[Opening MATERIAL SHOWN section]
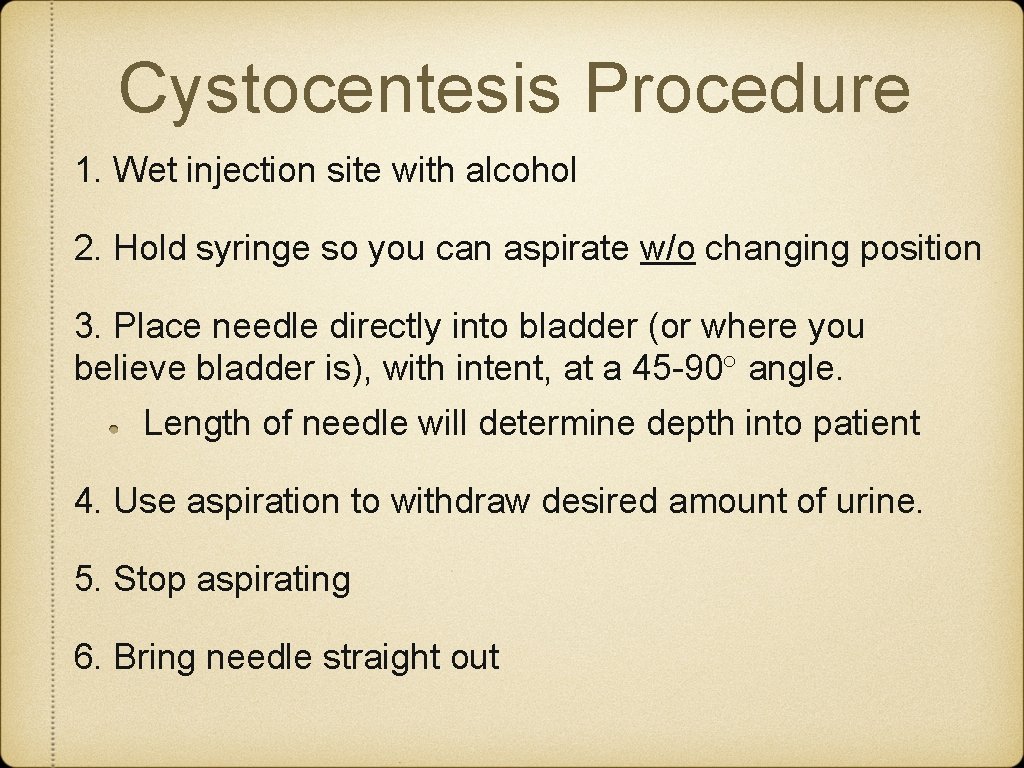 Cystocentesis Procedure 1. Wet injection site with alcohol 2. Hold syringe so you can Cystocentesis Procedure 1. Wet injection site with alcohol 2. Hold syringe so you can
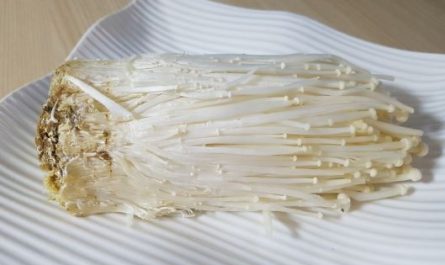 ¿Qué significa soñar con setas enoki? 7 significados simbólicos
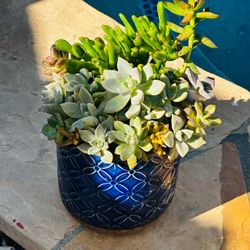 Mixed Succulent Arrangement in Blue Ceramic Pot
[Closing MATERIAL SHOWN section]
[Opening MATERIAL SHOWN section]
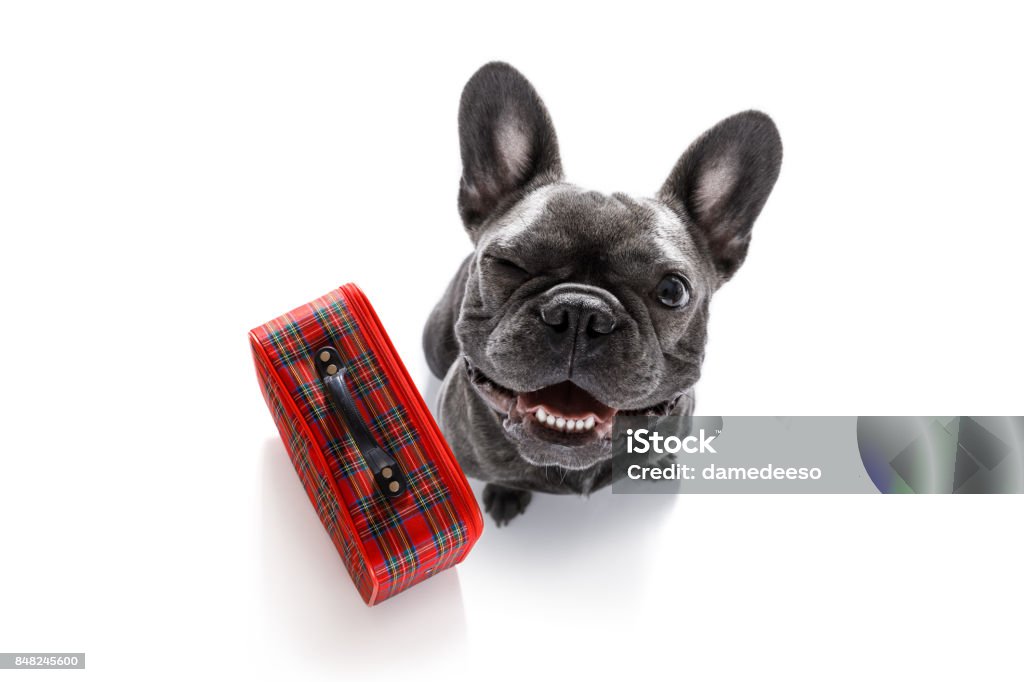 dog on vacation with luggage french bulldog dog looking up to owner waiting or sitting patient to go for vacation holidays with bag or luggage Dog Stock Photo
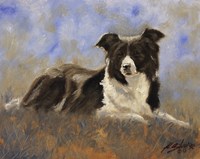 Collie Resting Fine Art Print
[Closing MATERIAL SHOWN section]
WHAT YOU WILL DO: Write out again exactly the lines above from the one with "7 significados simbólicos" through the one with "Mixed Succulent Arrangement", adding no other lines and no pictures.

RESULT BELOW:
 ¿Qué significa soñar con setas enoki? 7 significados simbólicos
 Mixed Succulent Arrangement in Blue Ceramic Pot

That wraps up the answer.